Task to complete –
Leave out all pictures. Extract exactly the lines from the one containing "Diamond earrings for woman 3D print model_5" through the end of the data.

Data extracted from a collection –
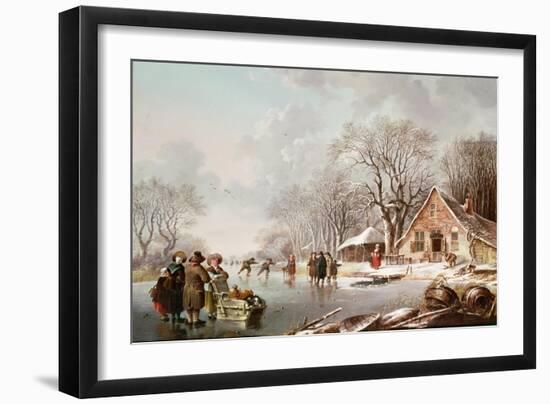 Winter Scene-Andries Vermeulen-Framed Giclee Print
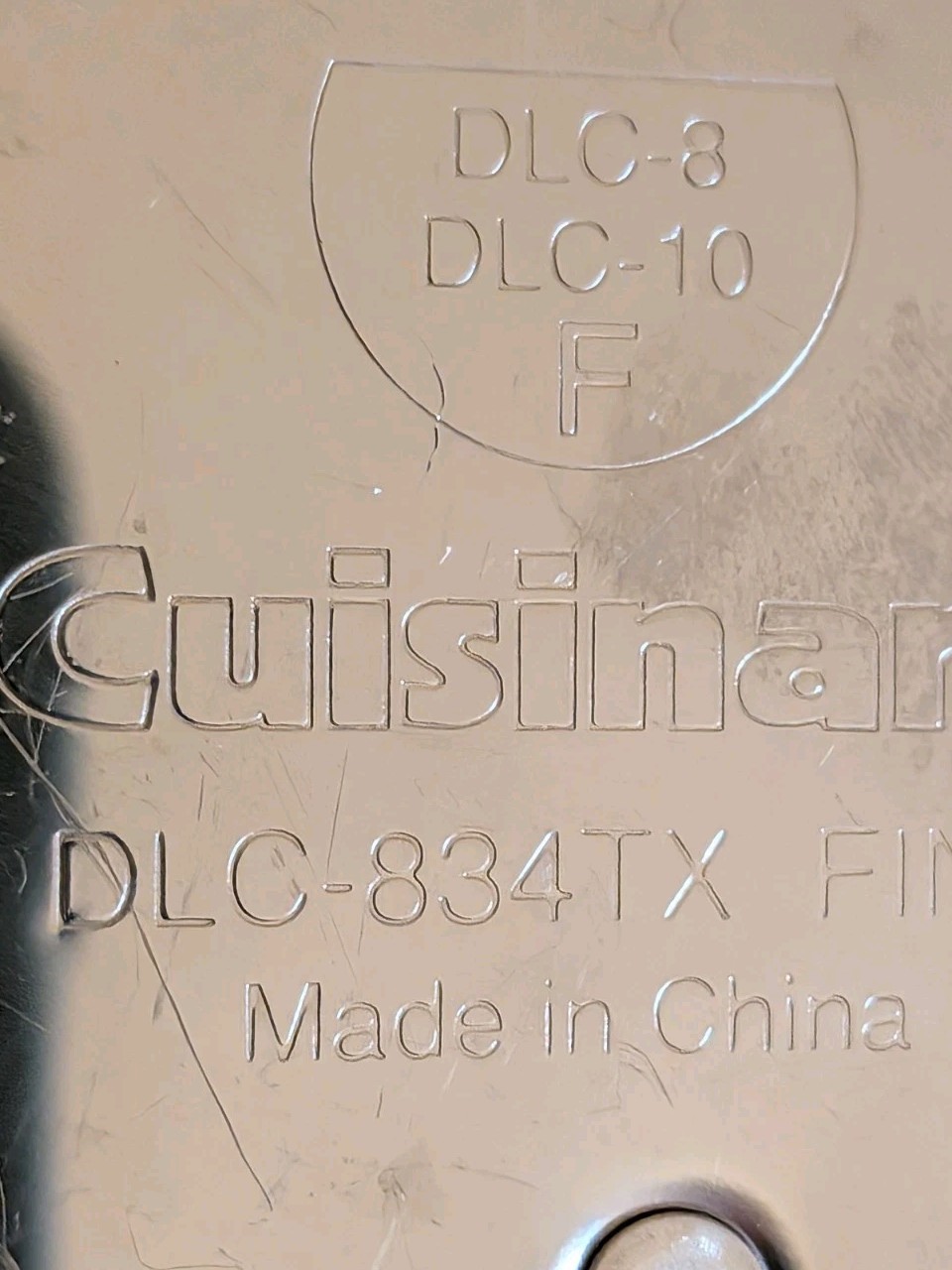 Cuisinart Kitchen DLC-10 Accessories 5 Disc & 3 Other Parts with Instruction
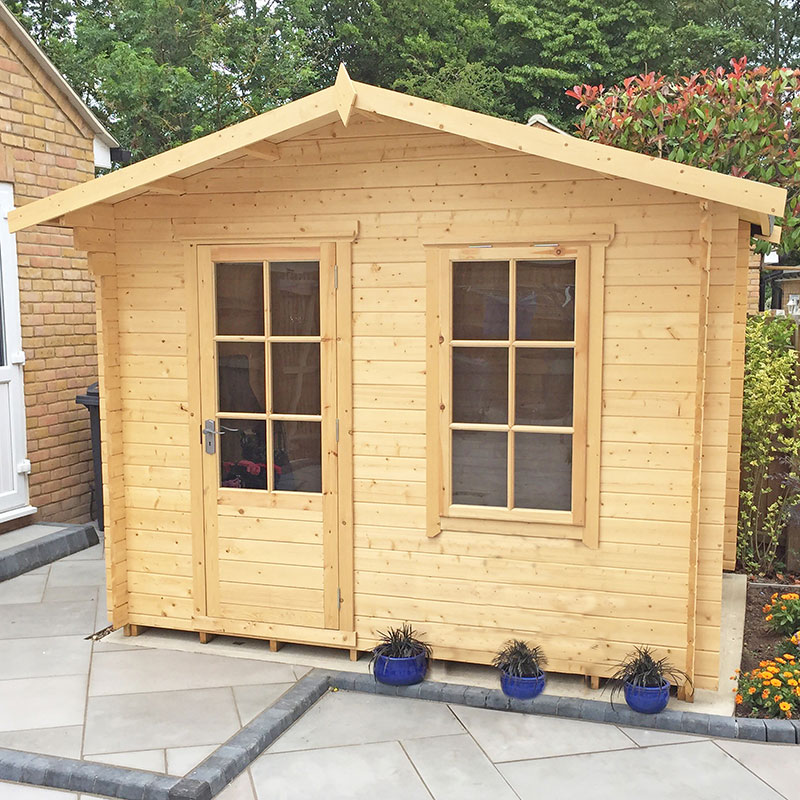 Shire Bucknells 3.6m x 2.4m Log Cabin Summerhouse (28mm) Price Comparisons | Compare The Build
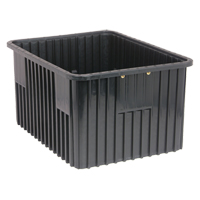 Conductive Dividable Grid Containers, Polypropylene, 17-1/2" W x 22-1/2" D x 8" H, Black NRZ Safety Inc.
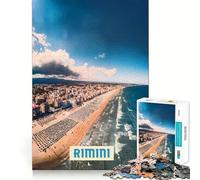 Puzzle per adulti da 1000 pezzi Rimini Smooth Cut Art,attività stimolante per la mente,divertimento per il tempo libero,decorazione natalizia,regalo (50x75cm)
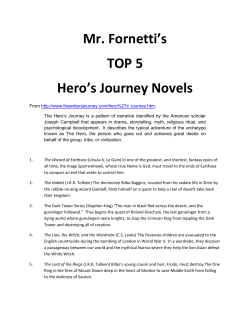 Mr. Fornetti`s TOP 5 Hero`s Journey Novels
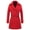 Red, variant on Women's Classic Notched Lapel Wool Coats Buttoned Long Jacket Khaki M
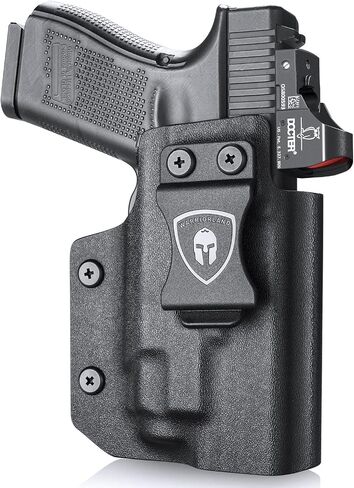 WARRIORLAND IWB Kydex Holster Optic Cut، يناسب Glock 17/19 Gen 3-5 & 23/32 Gen 3-4 & 19X 44 45 مع TLR-7/TLR-7A/TLR-7X/TLR-8 HL-X G، حامل إخفاء حزام الخصر الداخلي، Adj. غير قادر & بوسي انقر فوق الاحتفاظ in Kuwait
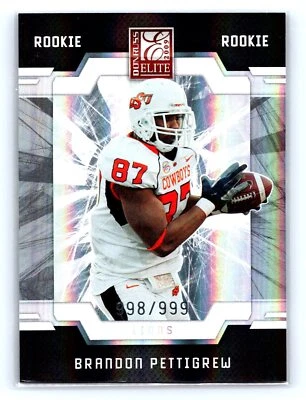 2009 Donruss Elite #110 Brandon Pettigrew 998/999 Rookie - - Image 1 of 2
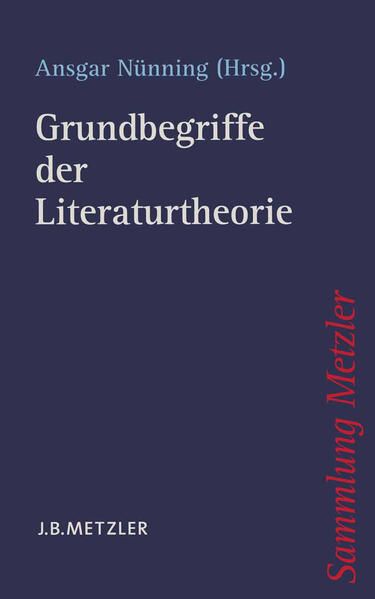 Produktbild: Grundbegriffe der Literaturtheorie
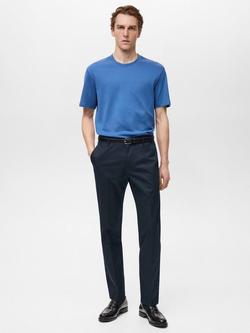 Mango Kimi Cotton Regular Fit T-Shirt - view 2, Pastel Blue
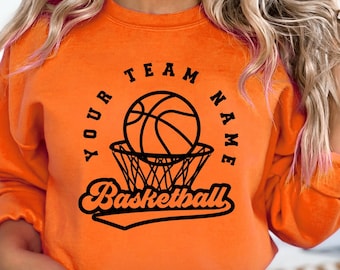 Basketball Team Mascot SVG, Personalized Design Template (Digital Download)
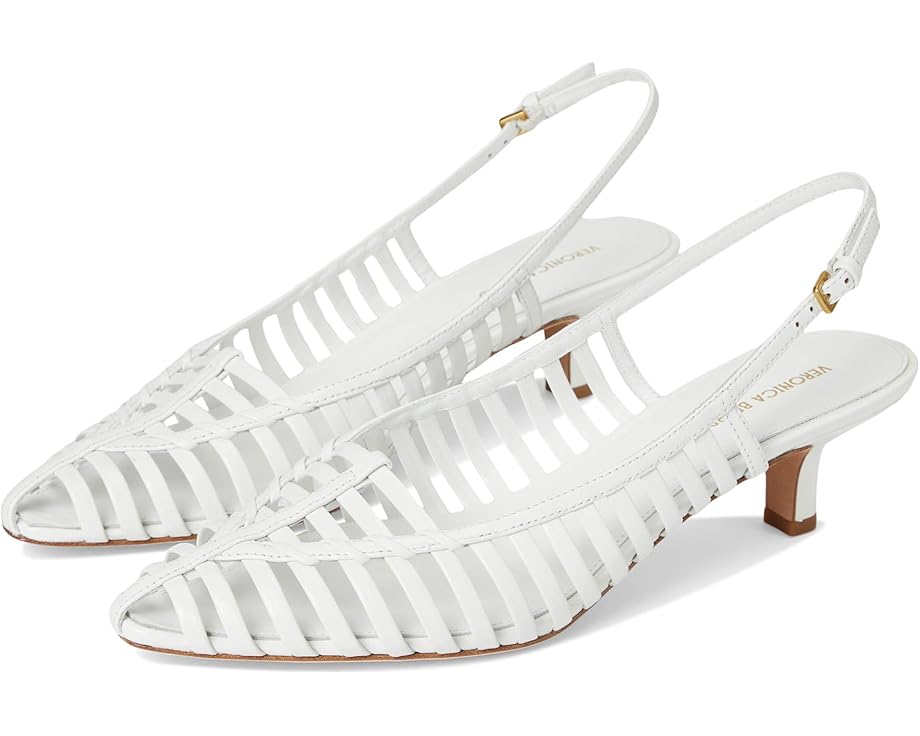 ベロニカ 白色 ホワイト レザー レディース 【 VERONICA BEARD BRITTE / COCONUT WHITE LEATHER 】 パンプス
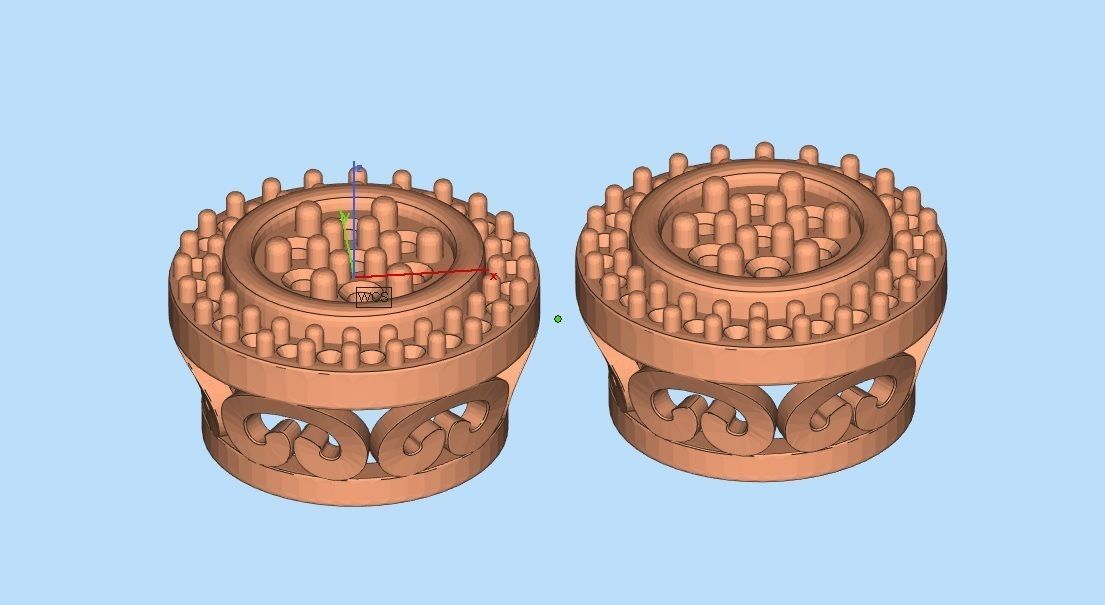 Diamond earrings for woman 3D print model_5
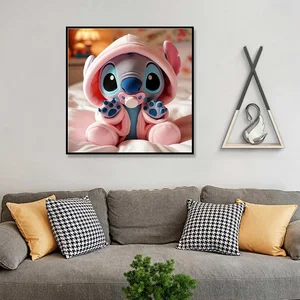 ديزني ليلو نقطة الماس فسيفساء اللوحة ، كامل جولة غرزة التطريز ، صورة الكرتون ، حجر الراين ، ديكور المنزل ، وصول جديد أفضل 10 مبيعات طقم إطار الطلاء الماسي - رقم 8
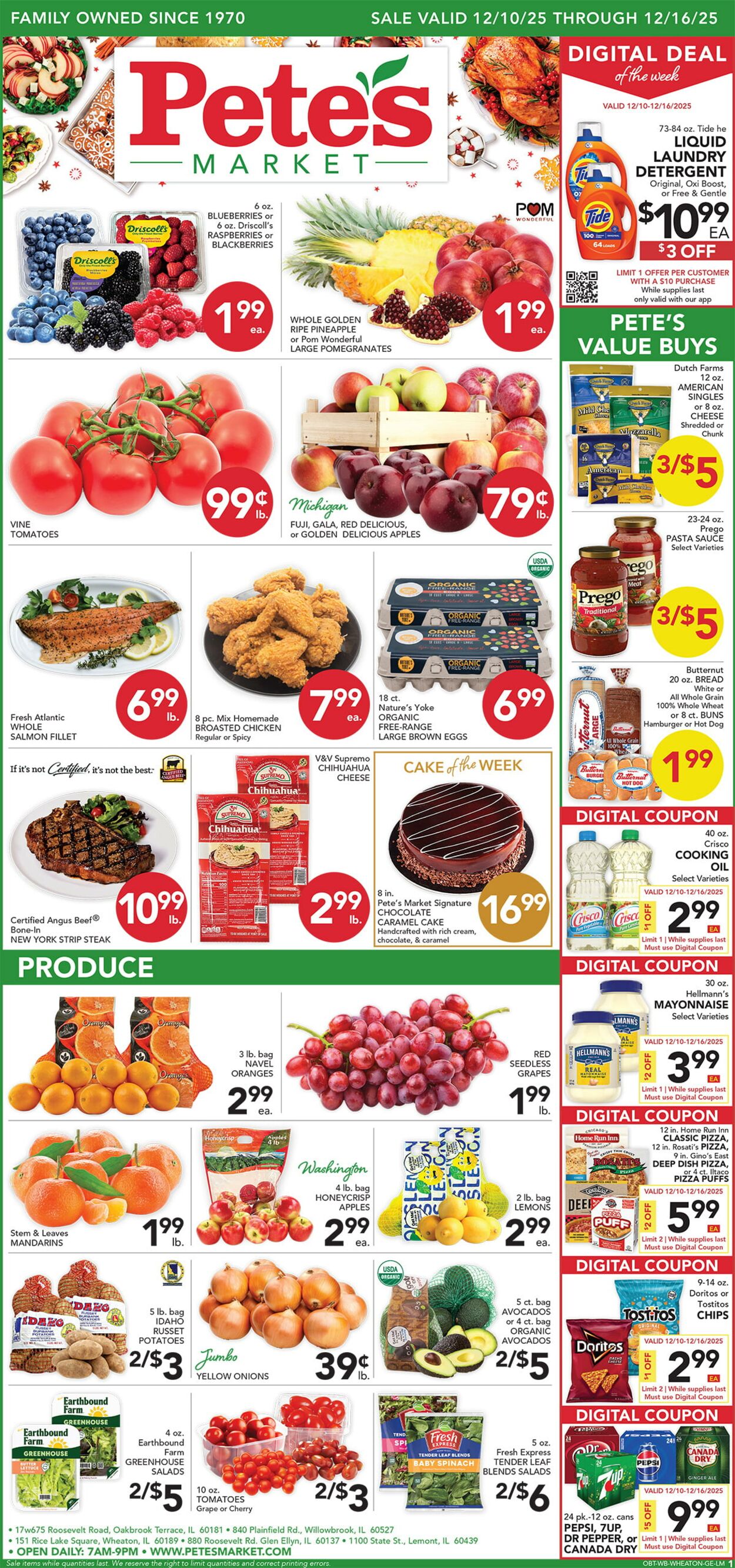 Catalogue Pete's Fresh Market from 12/10/2025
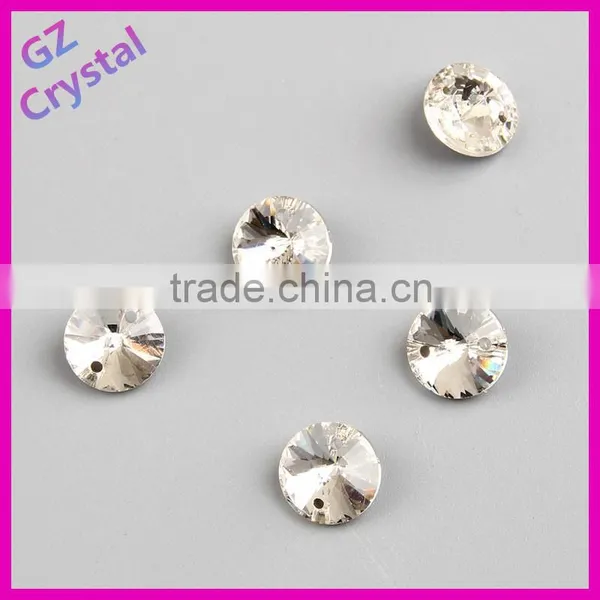 2015 New Fashion Flat Back Round Sew On Stone For Garment photo-4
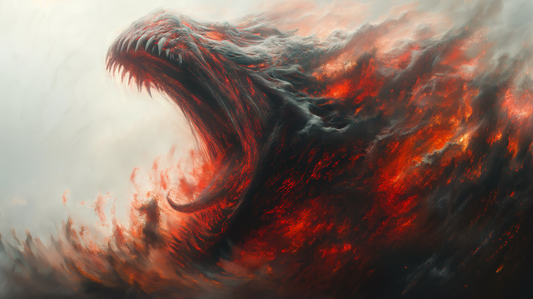 Digital Art Download - Medieval Beast Roars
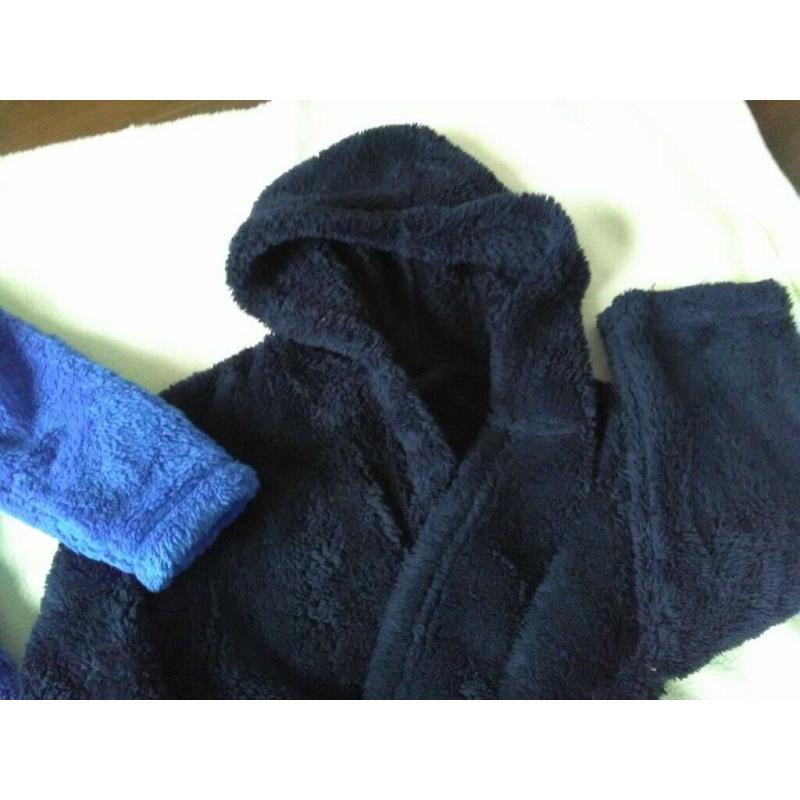 Boys Brand NEW Alien fleece Pyjamas 3D eyes on + Navy Dressing Gown Age 5-6 WILL POST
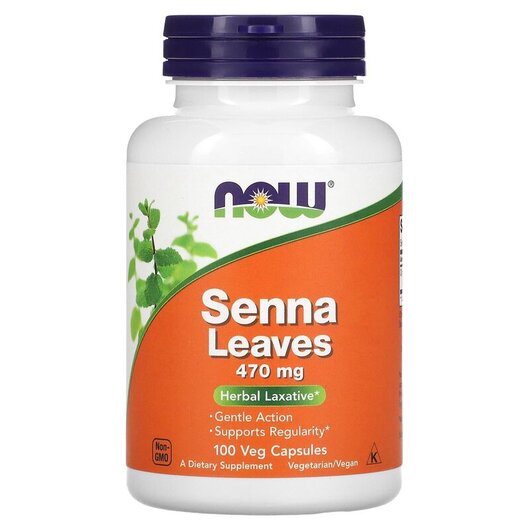 Основное фото товара NOW Foods, Листья Сенны 470 мг, Senna Leaves 470 mg, 100 капсул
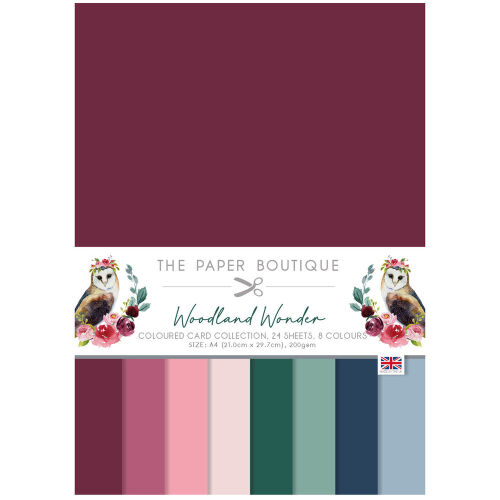 TPB Coloured Card Collection A4 - Woodland Wonder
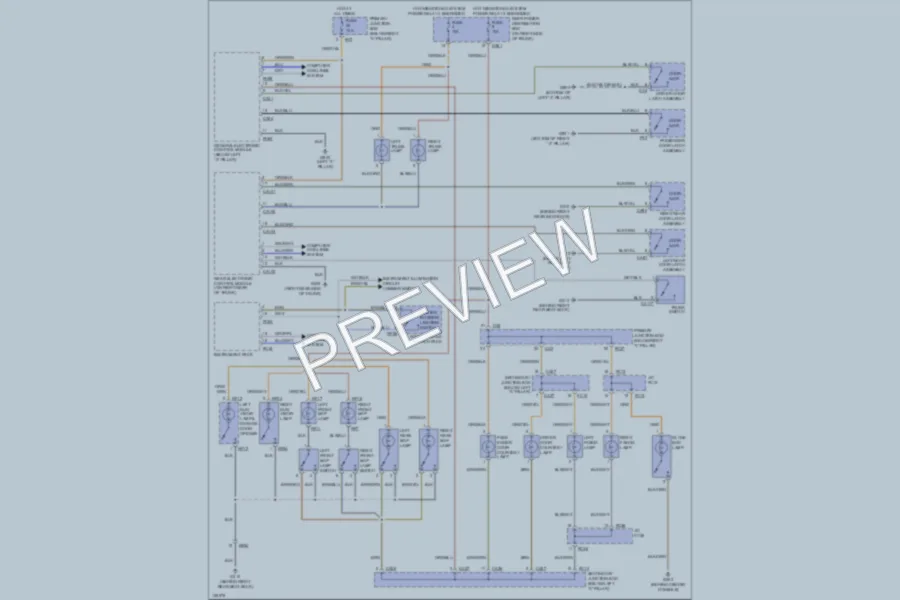 2002 Jaguar SType Interior Lights wiring diagram preview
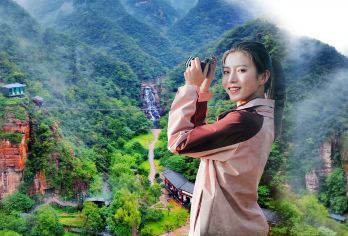 洛阳龙潭大峡谷一日游【纯玩无购物团 景区直通车 半自由行】【[纯玩团]全程保证不进购物店，纯玩旅游团 无强制消费，景区里面自由活动游玩，行程轻松舒适】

Answer space –
 Diamond earrings for woman 3D print model_5
 ديزني ليلو نقطة الماس فسيفساء اللوحة ، كامل جولة غرزة التطريز ، صورة الكرتون ، حجر الراين ، ديكور المنزل ، وصول جديد أفضل 10 مبيعات طقم إطار الطلاء الماسي - رقم 8
 Catalogue Pete's Fresh Market from 12/10/2025
 2015 New Fashion Flat Back Round Sew On Stone For Garment photo-4
 Digital Art Download - Medieval Beast Roars
 Boys Brand NEW Alien fleece Pyjamas 3D eyes on + Navy Dressing Gown Age 5-6 WILL POST
 Основное фото товара NOW Foods, Листья Сенны 470 мг, Senna Leaves 470 mg, 100 капсул
 TPB Coloured Card Collection A4 - Woodland Wonder
 2002 Jaguar SType Interior Lights wiring diagram preview
 洛阳龙潭大峡谷一日游【纯玩无购物团 景区直通车 半自由行】【[纯玩团]全程保证不进购物店，纯玩旅游团 无强制消费，景区里面自由活动游玩，行程轻松舒适】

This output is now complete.